When the security man was alerted about their arrival, he allegedly proceeded to open the gate and when they entered, Asiedu added that he went to the back of the house and brought along a ladder which he placed against the wall.
One of the friends, he said, climbed first followed by another and after waiting for some time, he followed them to the top via the ladder and gained access into the bedroom of the late MP through the window.
Now in the bedroom, he said the leader of the gang secured the MP’s mobile phones as he (MP) was asleep on his bed and handed them over to him (Daniel Asiedu).
Continuing, he said that he went downstairs using the staircase after receiving the mobile phones.
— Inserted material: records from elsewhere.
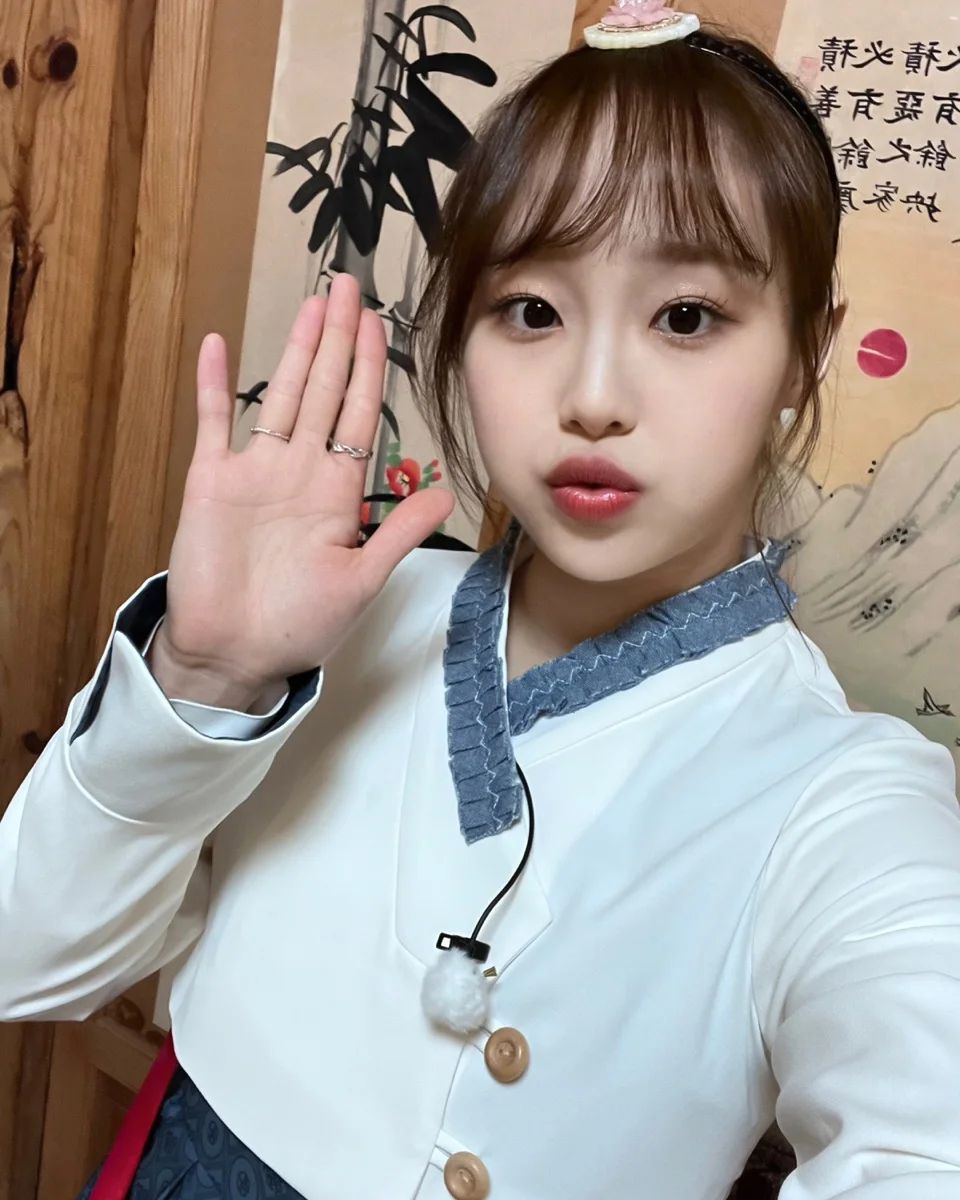 chuucandoit_1643364286395998.jpg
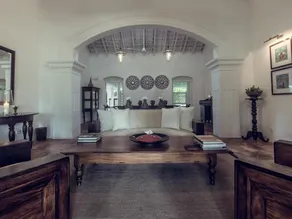 Nyne Hotels Rock Villa - Bentota - Image 5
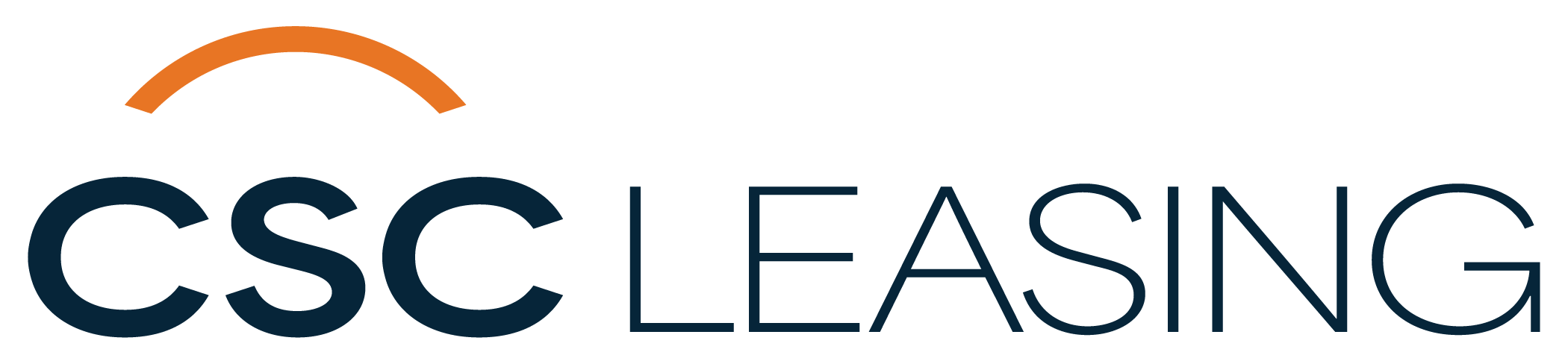 CSC Logo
While downstairs, he said he saw the security man place a chair close to the polytank; he said he stood on the chair and climbed the polytank and jumped over the wall – a procedure he said his colleagues used to flee the scene.
One of his friends, he said, gave him a catapult which he was holding for a while as his accomplice held a knife.
Daniel said he dropped the catapult in the house afterwards, explaining that he did not use it at all. Also left in the house were his slippers, adding that it was the knife which his friend used in stabbing the late MP.
This segment of his first narration appears to have knocked off the general notion that it was he (Daniel) who stabbed JB Danquah to death.
He is suggesting that it was his friend – the one who gave him the catapult – who stabbed the late MP because as he held on to it, his accomplice had in his possession the knife which he used to stab the late MP.
Daniel said that the amount of GH¢2, 000 was paid to him before they set off for the operation, which he described as a ‘stealing mission.’
According to him, he had never met the man they went to rob, asserting that he used the money paid him to buy some clothing and shoes, having spent the balance on other things.
At this stage of his narration, he made an alteration when he said they did not use the staircase to descend but rather through another room from where they jumped down.
He said they took their turns to stand on the chair provided by the security man to reach the top of the polytank, from where they scaled a wall and jumped into another house.
He said that of the three mobile phones belonging to the late MP and which were given to him by the accomplice who did the stabbing, he returned the Samsung but sold two which he claimed had been retrieved.
He told the police that he knows the houses of both accomplices who, according to him, live at Madina, Accra.
Origin Of Money
Daniel said when he asked his accomplices about the source of the money they gave him, he was told that it was a certain politician who provided it, adding that he thought the mission was about stealing.
Daniel’s four months pregnant wife, however, had another story to tell as her narration indicated she told the police that when her husband returned at dawn he had bloodstains on his dress. She is helping with the investigations into the case. According to information, her husband was released from jail after conviction for a misdemeanour.
The Greater Accra Regional police have declined to authenticate this narration.
However, a criminologist, Prof Ken Attafuah, has described as disturbing, inconsistencies surrounding the death of Joseph Boakye Danquah-Adu.
According to him, the suspect, when apprehended days after committing the crime, alleged that he was contracted to kill the MP for an amount of GH¢2,000 but changed his story when he appeared in court.
“Issues surrounding the death of JB Danquah are very confusing. The suspect upon arrest said he was contracted and now he is saying that he actually went there to steal and not to kill. I find it hard to believe all that and so it is important for the police to do their work well and not allow any interference,” he stated.
Prof Attafuah, who reserved comment on the possibility of the suspect speaking under duress, urged the police to be thorough in their investigations and allow the truth to prevail.
In the view of Prof Attafuah, the narrative surrounding the killing points to a well-planned and executed crime.